Anybody help pls ???


----------



## Beastie (Nov 24, 2009)

Check last post: http://forums.freebsd.org/showthread.php?t=612

Try booting from livefs or bootonly, and then switch CDs when they're done loading.

Try 8.0.


----------



## tangram (Nov 24, 2009)

Maybe way a bit longer, download and try to install 8.0.


----------



## dennylin93 (Nov 24, 2009)

I ran into this problem as well. One possible solution is to boot from CD or DVD, then eject the disk right after the kernel is loaded into memory. After that install via FTP.


----------



## gnoma (Nov 24, 2009)

I don't get to the moment it asks me from what source I want to install FreeBSD... are you sure that when I remove the CD it will ask me about the source??? It doesn't ivent ask me for the language. May be I can download the "boot only" image and try the FTP on it???


----------



## belan (Nov 24, 2009)

*The same problem with poweredge R710 server*

Hi

My name is Yanet, IÂ´m a new member. I got the same error during installation process of 7.2 Release in e Poweredge R710 server.

"acd0 timeout read_big ..."

Now the error appears with 7.2, 7.1 and 7.0 Releases. 

Whe installed RAID 1, the servar has 2 500G HDD SATA.

Somebody can give me a suggestion??

Yanet


----------



## JimW (Nov 25, 2009)

Have you tried changing some of your settings in the system BIOS?

Maybe read this email message and try some of the suggestions....

Link...


----------



## gnoma (Nov 25, 2009)

I tryed the changes to the bios in that mail and also put in the boot-only image of BSD 7.2 and still does the same thing :\
I can't reach to the moment it ask me about the source of installation so I can set FTP


----------



## FBSDin20Steps (Nov 25, 2009)

Did you checksumed the iso file?

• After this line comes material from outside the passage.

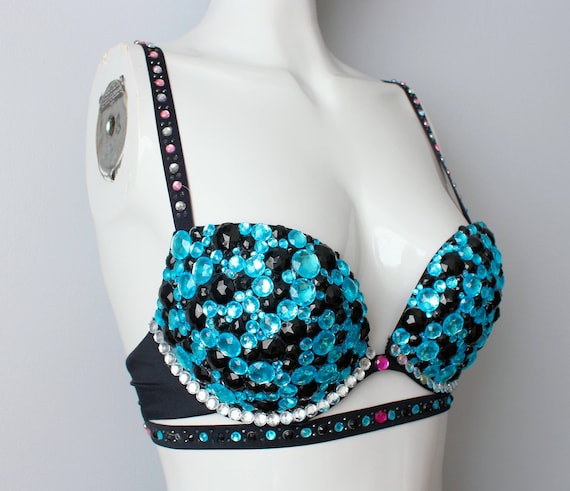 Rhinestone Bra, Rave Bralette Top, Festival Wear, Burning Man Outfit, Black  Aqua Blue Rhinestones, Sexy Clubwear, Samba, Handmade Bustier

Maybe a new cable?


----------



## gnoma (Nov 25, 2009)

lol use to be a hardware guy.... worked in a PC service so the cables and that staff I check first . Changed the CD and the HDD and nothing happens, when I change the MB and CPU it works but I don't need BSD on my workstation PC with that MB and CPU.
I thing I'll try the USB boot... going for google search-hunt and if it works I'll post the method here  wish me luck 


And what if I install the FreeBSD on a diferend PC and then I just move the HDD to the MB and CPU i need it??? Is it going to wirk??? Or it is like WinXP and when you change che chipset and the CPU it doesn't start again??


----------



## dennylin93 (Nov 25, 2009)

gnoma said:
			
		

> I don't get to the moment it asks me from what source I want to install FreeBSD... are you sure that when I remove the CD it will ask me about the source??? It doesn't ivent ask me for the language. May be I can download the "boot only" image and try the FTP on it???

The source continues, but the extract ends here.